Last Month I took part in the jury for the Scholastic Art Awards. I felt honored to sit on the 3D jury, mostly because I had received three gold key awards when I was in high school over 30 years ago. This year was the first year that the artwork was chosen from all digital images ...quite hard for 3D, since you can't get the best view of the pieces. On the jury for last years awards, we made our selections from the actual art work. To see the pieces them self, you can get a better idea of technique, scale, and details. Digital/slide images are subject to the additional hurtle of the photographers skill...or lack of. I won't be showing you any of my early slide photos...! (it took me several years and dozens of rolls) and learning that the right pro can do a better job than I.
...but I digress.

I started thinking about my home town high school art class, and wondered what's happen there. It looks like the next generation has taken over, and all is well with a new art teacher getting her students involved in community art projects...score one for the A-TEAM.

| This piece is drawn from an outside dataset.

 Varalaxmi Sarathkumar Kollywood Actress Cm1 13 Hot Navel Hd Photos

Here is a photo of one of the pieces that I received a Scholastic Art Awards Gold Key for, in 1977...! On exhibit in the permanent collection of...MAMA...(not to be confused with MOMA)...to the left is a photo of me...working on another piece that same year.

We're planning a trip to Seagrove in March...maybe I'll go back to see what the old home town classroom looks like these days... IF...they let me through the door...!

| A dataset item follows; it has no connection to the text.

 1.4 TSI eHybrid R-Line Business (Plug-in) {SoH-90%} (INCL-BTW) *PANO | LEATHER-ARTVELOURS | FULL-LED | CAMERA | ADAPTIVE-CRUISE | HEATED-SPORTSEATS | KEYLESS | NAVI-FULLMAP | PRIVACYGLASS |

Saturday, February 6, 2010

In The Service Of Others




Now for a few words about working for other potters...


I have spent a large amount of my time at the wheel, making thousands of pots for other potters...some days painful, most of the time, a pure joy. I started throwing professionally, in Wilmington, NC, at a pig bank factory that evolved into a dinnerware production studio. I got to work out a design for a casserole form there, that I still make for myself. A couple years later, I made pots for Lanney Pelletier, a potter in Emerald Isle, NC...around the same time I was also working for another potter in Bayboro, before heading to Seagrove, NC, to make pots for a few folks up there....Turn n' Burn, Holly Hill Pottery, Tom Gray Pottery, Wild Rose Pottery, and Dirtworks.

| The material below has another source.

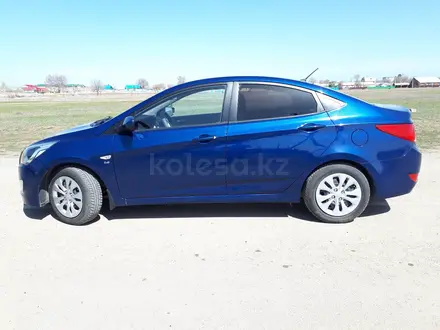 Hyundai Solaris 2015 года за 5 800 000 тг. в Актобе – фото 2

And...then there are the nine years that I was a full time potter at Salmon Falls Stoneware, a factory in Dover, NH, that makes utilitarian Salt Glazed Stoneware styled after 19th century New England Pottery. I have made pots for SFS off and on for the last 10 years. I think that I can make pots for other potters because the thing I like most about being a potter, is touching clay...and production pottery is all about that, over and over again...thousand of pounds of clay, touching hundreds of pots... watching them appear in front of me filling my ware boards, loading my ware racks....seeing them on shelves in the retail shop...And getting paid weekly(I really like that part).
Yes...I am getting myself all worked up...gotta go...the clay is calling. Porcelain today...yum...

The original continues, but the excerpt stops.